The kind of mathematics that Euler would have been familiar with - geometry - concerned notions of distance, area, and angles. Yet considering the problem of the bridges from a purely mathematical point of view, such quantities become irrelevant. The exact shape that the river takes and the distance between bridges are relevant to the individual planning on spending an afternoon walking over them, but less so to the mathematician. Indeed, the relevant information can be reduced to a list of the distinct land masses, and the bridges they connect. In modern terminology the problem can be redrawn as a graph:

                                                                               

Each land mass is now represented by a vertex and each bridge is now an edge joining the corresponding vertices. We might say that the graph is topologically equivalent to the original diagram of the river and the bridges. I have labelled the vertices according to how Euler labelled them in his previous diagram. I have also added arrows indicating an orientation of the edges. Graphs are now ubiquitous in mathematics and science, and topology is only one perspective of study. You should not equate the graph with the way that it has been drawn above. The same graph could be drawn in many ways:

Let us now move on from Euler's problem and take the topological perspective one step further. We imagine the wanderer of the city is now a wanderer of our graph instead. They travels from vertex to vertex via the edges. Suppose that our wander has no map of the world they are living in. That is to say the wanderer has no idea what graph they are wandering around; whichever vertex they have arrived at, all they can see are the edges immediately connected to the vertex on which they stand. They can remember the route that they travelled to get there, but no more. Frustratingly, since we are now in a graph, and not the city of Königsberg, there are no landmarks with which the wanderer can orient themselves. If they return to a vertex they have no way of knowing. As we look down on our wanderer we can see exactly where they are, while they remain completely unaware. We can also take a look at the graph as they imagine it:

                                               

In the wanderer's imagination, how do they envision the graph? Since they never know if they have arrived at a vertex they have previously visited (without doubling back on themselves) this graph cannot contain any closed cycles - a path the begins and ends at the same vertex without repeating any other edge or vertex. A graph that does not contain any closed cycles is called a tree.

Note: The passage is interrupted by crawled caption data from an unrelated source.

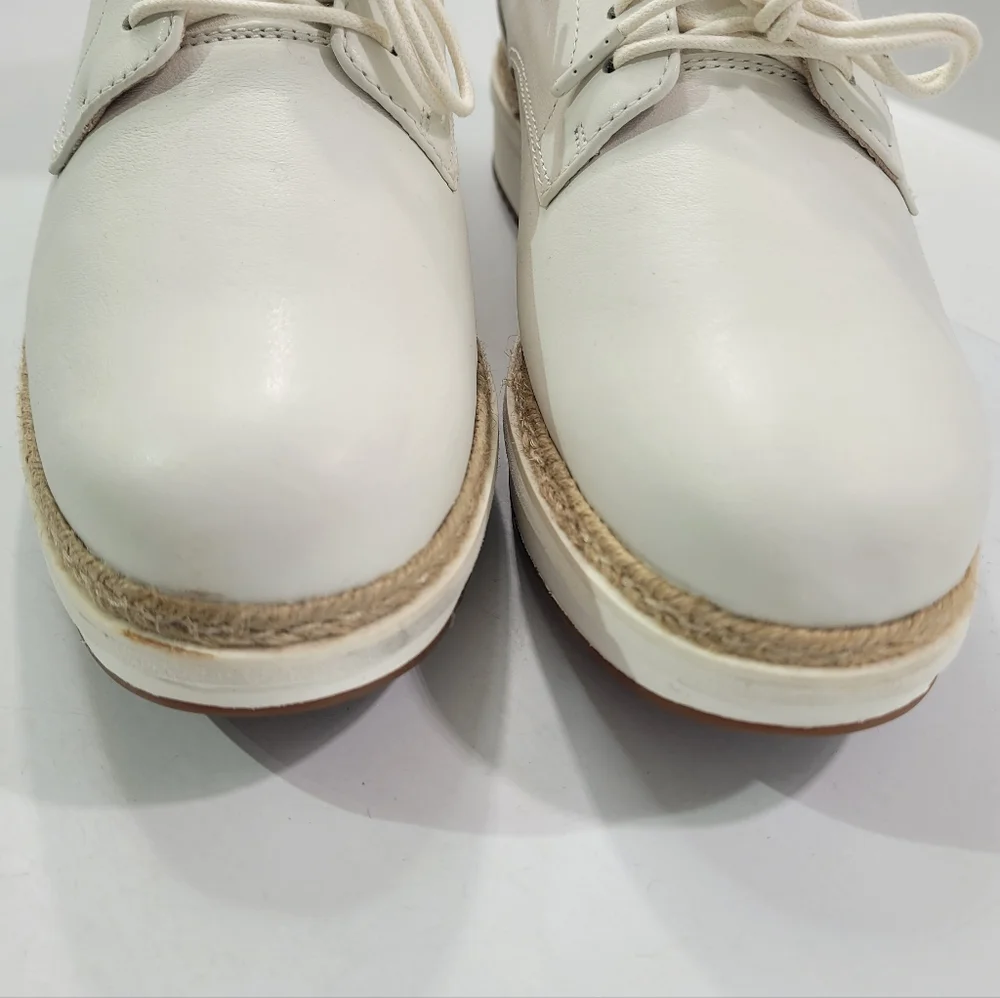Clarks Cream Leather Platform Oxfords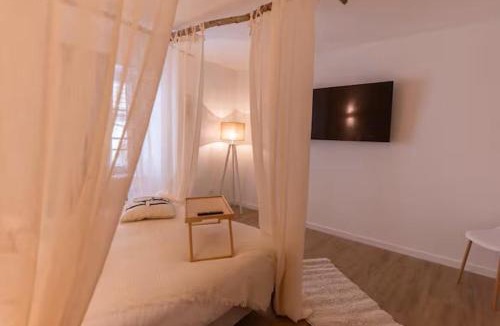 Vesoul Apartment | Bulle d'Evasion Jacuzzi Love room
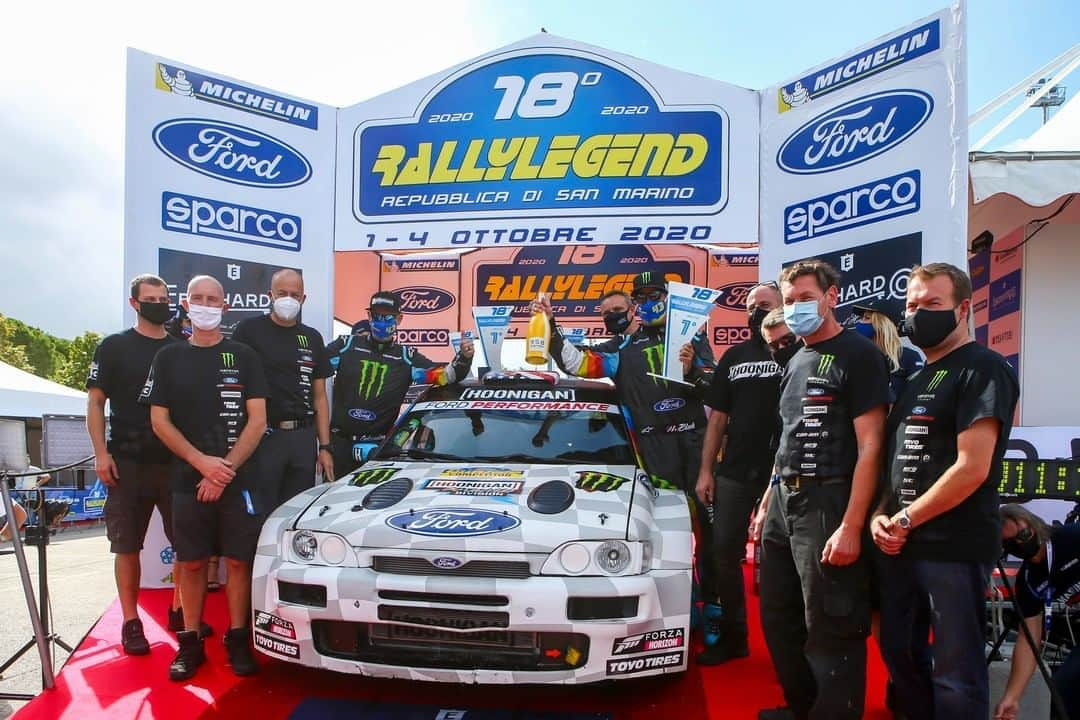 ケン・ブロックさんのインスタグラム写真 - (ケン・ブロックInstagram)「BIG thanks to my Hoonigan Racing team for their hard work this past weekend, so that @AlexGelsomino and I could secure 1st in class and 3rd overall at Rally Legend. We had some mechanical and setup issues to work through throughout the race, and without a big team effort, we would not have had the success we had. This was the last race of the year in my Ford Escort Cossie V2, so it was rad to go out on top! Next race: Rally Barbados in a Ford Fiesta R5. #bestteam #CossieWorldTour #BlockEscortCossiev2 #RallyLegends2020」10月6日 6時00分 - kblock43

                                               

This tree, let's call it $\widetilde X$, is labelled in the picture according to which edge in $X$ it really corresponds to. These labels are invisible to our wanderer - if the labels were known then they could deduce what graph they were wandering about on. There is one particularly important vertex in $X$ and $\widetilde{X}$: the point at which our wanderer begins their journey, which we call the basepoint. This mapping between the graph $X$ and the universal cover $\widetilde X$ is usually written as a function $\widetilde X \rightarrow X$. The important feature here is that given a path that our wanderer takes in $X$, we can track the path they imagine they are taking in $\widetilde X$. Conversely, given a path in $\widetilde X$, using the labelling that only we can see, we can deduce the path that our wanderer has taken in $X$.

It is impossible for our wanderer to deduce what the graph $X$ is from $\widetilde X$. This is because $X$ isn't the only graph with universal cover $\widetilde X$. Setting aside Königsberg for a moment, consider the following graphs:

                                               

These graphs are obviously distinct, just by counting the vertices. But to a wanderer of these graphs, all they know is that whatever edge they choose to wander down, they will arrive at a vertex incident to precisely three edges. Wherever they go, the world to them looks exactly the same. There is no way for them to deduce if they are living in $X_1$, $X_2$, or $X_3$. Another way to say this is that $X_1$, $X_2$, and $X_3$ have the same universal cover $T_3$ - the 3-valent tree.

                                               

This isn't all that our wanderer could imagine. In principle they could try imagining that they are wandering around any graph we like. But that imagined graph should at least be consistent with what they actually experience. You can't arrive at a vertex with three incident edges but imagine there are four incident edges - that would present a contradiction to our wanderer and the illusion would be ruined. As a simple example, consider the reverse situation to the above: suppose our wanderer imagines they are navigating the Königsberg graph $X$, but in reality they are inside $\widetilde X$:

                                               

Provided that the basepoints match up as before, the wanderer would encounter no contradiction between what they are imagining and what they actually experience. But the situation would be particularly deceptive: as depicted above, our wanderer could imagine that they had walked a closed loop, when in fact they had not. This misconception is particularly bad for topologists, so we rule them out. Imagined graphs that do not cause the misconception are called covers, and there exist many of them aside from the universal cover. This definition for a cover is quite confusing, which is why we usually work with an equivalent and more practical condition in terms of labelling the edges of the cover according to the corresponding edges in the original graph. For example:

                                                            

Note also that the cover given above is finite, while the universal cover is infinite. Unless the graph $X$ is itself a tree, the universal cover will always be infinite. Indeed, if $X$ is not a tree, then there is a closed cycle that our wanderer can walk around indefinitely, quite unaware that they are trapped in a closed loop.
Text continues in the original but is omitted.